### ABOUT THIS TASK
Copy, pictures aside: the lines below from the one that holds "For $602.99 Lenovo Canada" through the final line of the listing, both ends included, exactly as they are and nothing else.

### DATASET RECORDS
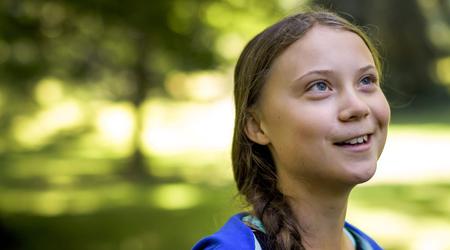 Greta Thunberg estará complacida: la UE puede prohibir la extracción de criptomonedas populares debido al impacto en el medio ambiente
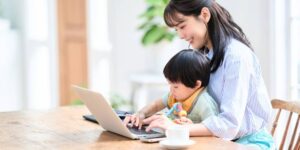 シングルマザー必見!手当の申請方法と支給額を徹底解説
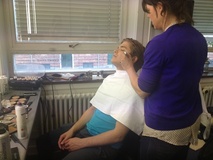 Min Man Kan Min Man Kan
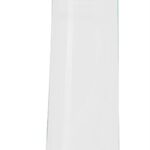 POLE 9924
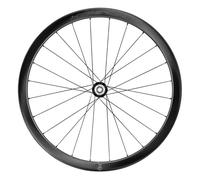 Paire Roues Hyperon c21 Tubeless Prêt 2-way Fit Disque CAMPAGNOLO n3w 12-13v 525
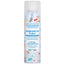 Evoluderm Suchý šampón, 200 ml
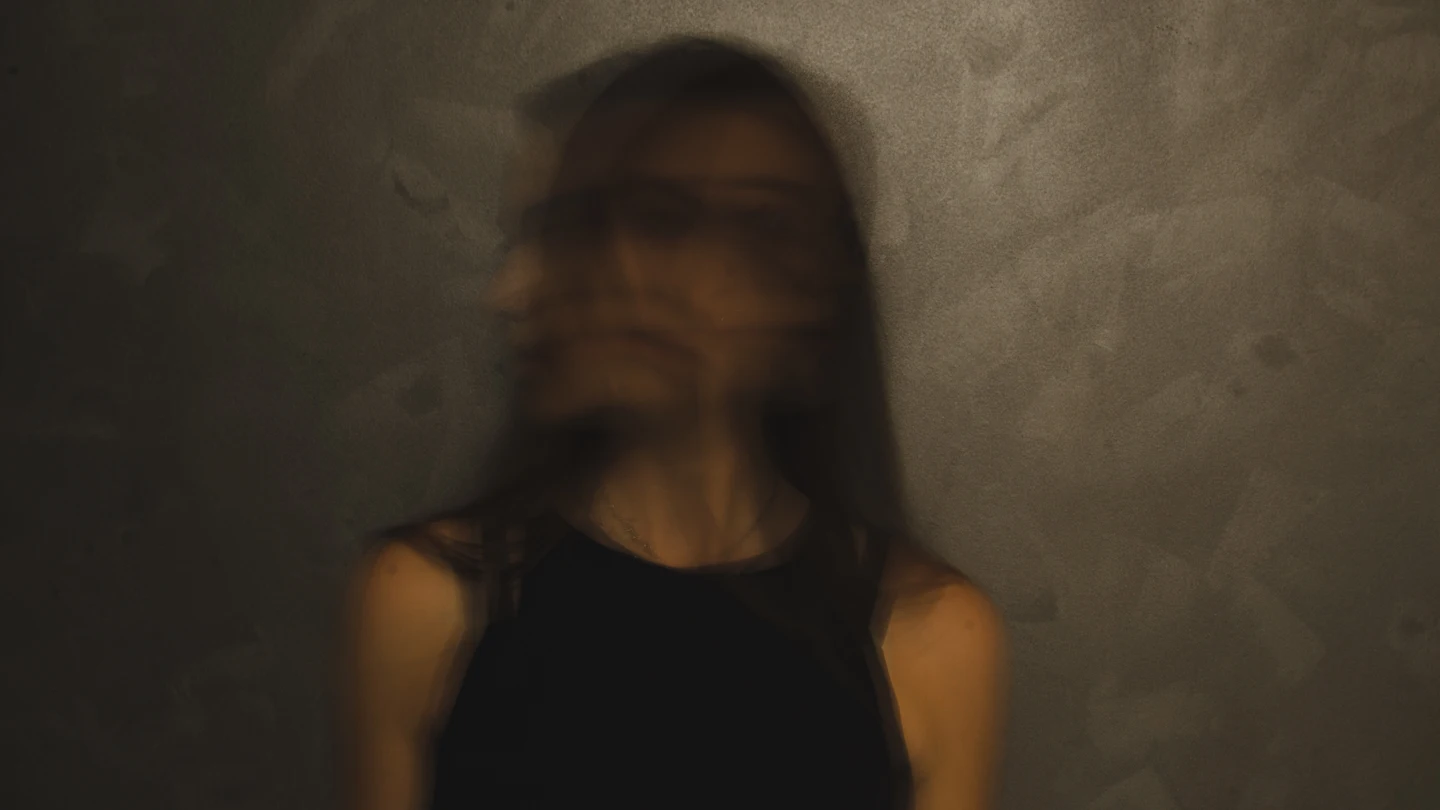 Qué significa ser un psicópata y por qué todos tenemos algunos de estos rasgos Qué significa ser un psicópata y por qué todos tenemos algunos de estos rasgos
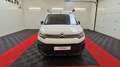 Citroen Berlingo Van Taille M 650kg BlueHDi 100 S&amp;S BVM Club Blanc - thumbnail 2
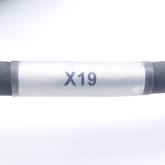 Cable  Used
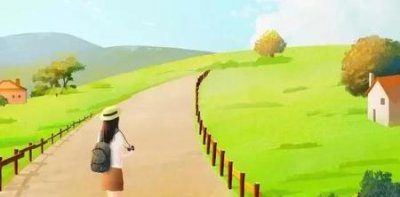 ​男生会什么技能让女生眼前一亮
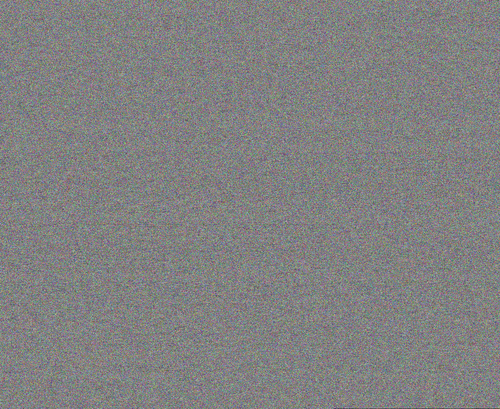 app 441543 26176fe8415c1844f0cadd4f3b4a827b 0002 of 0037.png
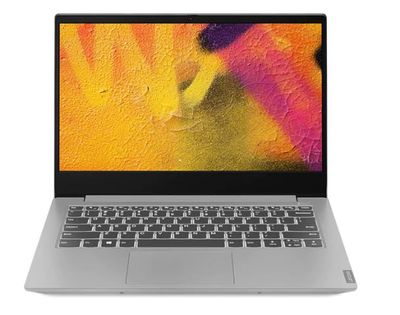 IdeaPad S340 (14", Intel) Laptop For $602.99 Lenovo Canada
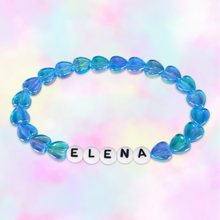 TVD Friendship Bracelets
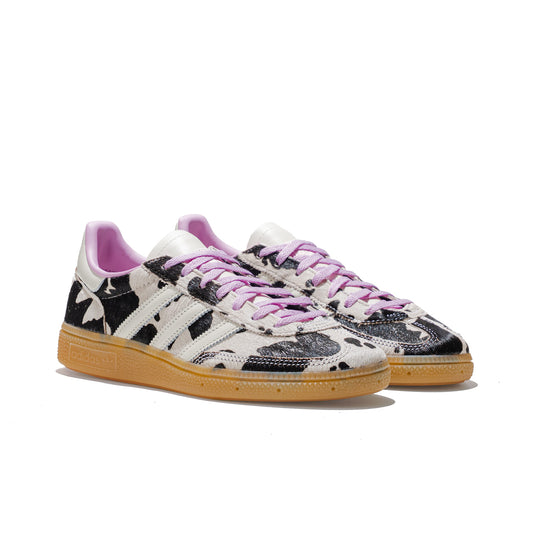Adidas Originals Handball Spezial W Supplier Colour/White  - KJ0090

### ANSWER BOX
 IdeaPad S340 (14", Intel) Laptop For $602.99 Lenovo Canada
 TVD Friendship Bracelets
Adidas Originals Handball Spezial W Supplier Colour/White  - KJ0090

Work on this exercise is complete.